Smart Ways to Cook with Food Scraps (Beyond Broth)

Don’t toss those carrot greens and broccoli stalks! A lot of the fruit and veggie scraps that we throw away are actually totally edible.

Not only does cooking with food scraps reduce the amount of food waste we’re sending to landfills, it saves you money. When you use more of the vegetables you buy, you end up needing to buy fewer veggies. It’s also a fun way to introduce new textures and flavors into your cooking that you might have otherwise tossed into your compost bin.

Chances are you know some of the food scrap cooking basics, right? Veggie scraps are great for making broth, for example. And you can zest your citrus peels and freeze the zest for baking and sauce-making. But there are some edible food scraps that I think we overlook a lot.

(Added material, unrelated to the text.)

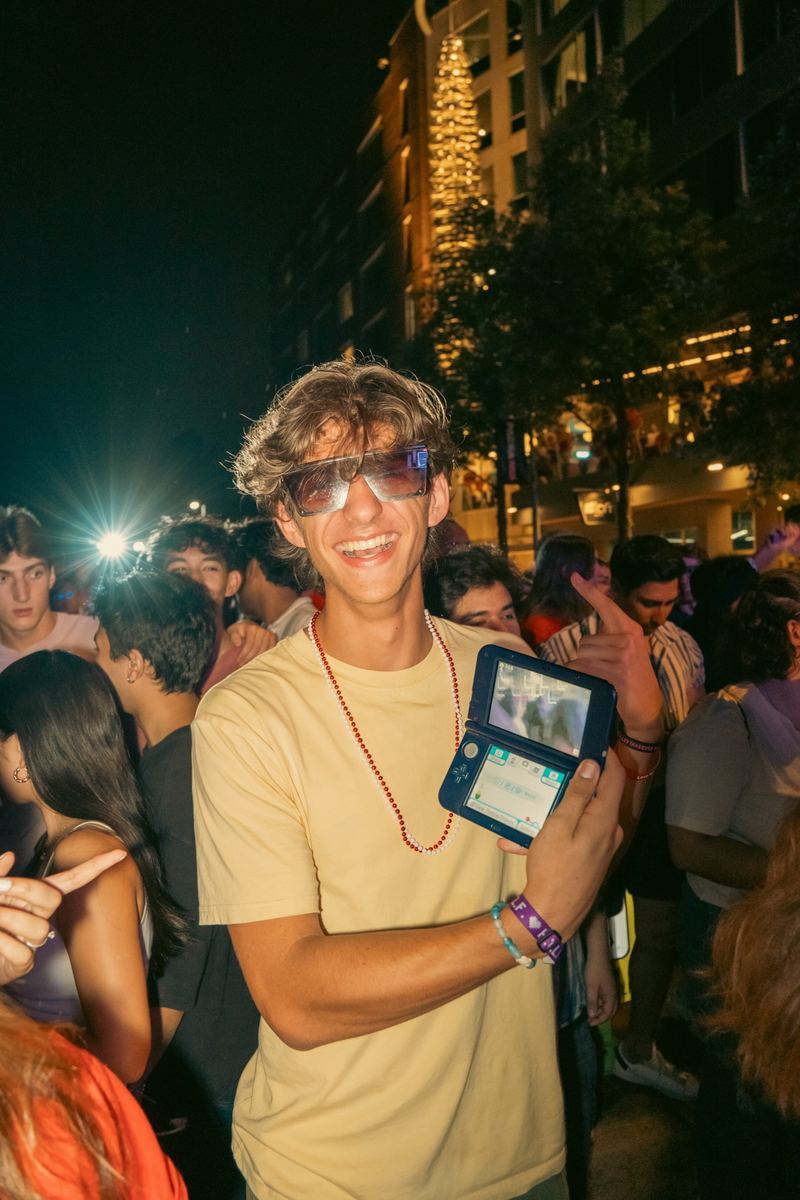 Smiling concertgoer holding up a digital camera in a nighttime crowd in Raleigh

These are some of my favorite ways to reuse food scraps in my kitchen.

Surprising Ways to Cook with Food Scraps

Carrot Greens

Carrot greens have an earthy, slightly bitter taste that you’d expect from any leafy green, but they also have a little bit of what I can only describe as a carroty taste.

If you’re going to cook with your carrot greens, it’s important to wash them very thoroughly.  Those greens likely did a lot of sitting in dirt, and the last thing you want is a gritty stir fry or pesto. My recommendation is to soak them in a bowl of water for a few minutes, then scrub with your hands to dislodge any dirt. Transfer to a colander and rinse well.

My favorite way to eat carrot greens is in a pesto. You can substitute half of the basil from a traditional pesto recipe with carrot greens or go a bit less traditional with something like my sage and carrot greens pesto.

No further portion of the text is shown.